В нашем представлении об Арктике 30-х годов был и существует по сию пору этот проклятый перекос. И если в 30-е годы фильм «Семеро смелых» был, наверное, духовно питателен, то в 70-е фильм, сделанный на том же материале, обязан воспроизвести что-то более существенное, чем романтическая борьба со стихией, являющаяся основой духовной сплоченности тех, кто эту борьбу ведет. Например, самое простое: каким трудным было человеческое существование в этих невероятных обстоятельствах!
Фильм «Обыкновенная Арктика», в частности, и об этом. Основное обстоятельство сюжета — пять дней пурги, начавшейся сразу после прибытия на арктическую стройку нового начальника. Время действия — 1935 год. Сразу после челюскинцев и непосредственно перед папанинцами, чтобы не вступать в полемику с официальной романтикой.

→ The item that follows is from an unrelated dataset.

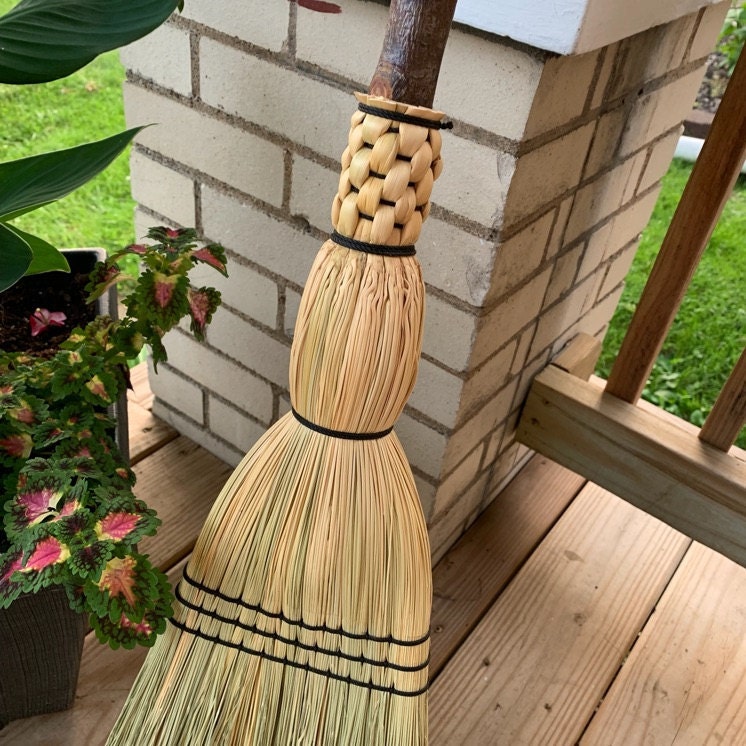 Cascade Mountain Porch Broom Woven Corn Brooms & Besoms Natural Branch Handle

Можно сказать, что эта картина о героическом строительстве. Можно сказать, что эта картина о том, как на стройку, находящуюся в прорыве, прибывает новый руководитель. Вообще, пользуясь языком аннотаций, можно выделить из этой, как и из любой другой картины, какую-нибудь сюжетную или социальную струну и, не будучи Паганини, сыграть на ней коротенько и доходчиво «основную тему» вещи. Но даже при самом лапидарном изложении движущей силой сюжета будет приезд нового начальника, человека малознакомого с условиями Арктики, проштрафившегося где-то на «материке», как принято выражаться в наиболее отдаленных от центра районах, резкого, малообщительного, для которого понятия «дело» и «человек» сходятся только в том диалектическом единстве, когда первое является целью, а второе — средством. Я пишу все это и с трудом выбираю слова и характеристики, которые подходили бы к этой роли в ее додалевский период. Потому что и сразу после картины, и тем более теперь, десять лет спустя после ее выхода, мне трудно разделить то, что было придумано изначально, от того, что состоялось в роли с приходом Даля. А надо бы, потому что первоначально, до проб, сама мысль о его участии казалась, мягко говоря, еретической многим и отчасти даже мне самому.
— Попробуй Даля, — сказал мне отец.
— Даля?!
Прекрасного мальчика нашего кинематографа, обаятельного даже в гневе, в разнузданности; тонкого, ювелирно владеющего всеми оттенками палитры своей вечной юности? Ну, не так красиво я тогда рассуждал, но что-то подобное этому проносилось в голове. И в то же время я удержался от спора. Во-первых, потому, что одно, еще более крамольное предложение старшего Симонова уже стало великолепной реальностью в «Живых и мертвых»: Папанов — Серпилин, это была именно его идея. А во-вторых… Во-вторых, было что-то в столь хорошо мне знакомом Дале, что никогда не позволяло общаться с ним на полном «коротке», какой-то всегда присутствовавший или угадываемый холодок, какая-то иногда явственней, иногда туманней ощущаемая запертая на замки комната в столь, казалось бы, открытой, даже распахнутой квартире его жизни.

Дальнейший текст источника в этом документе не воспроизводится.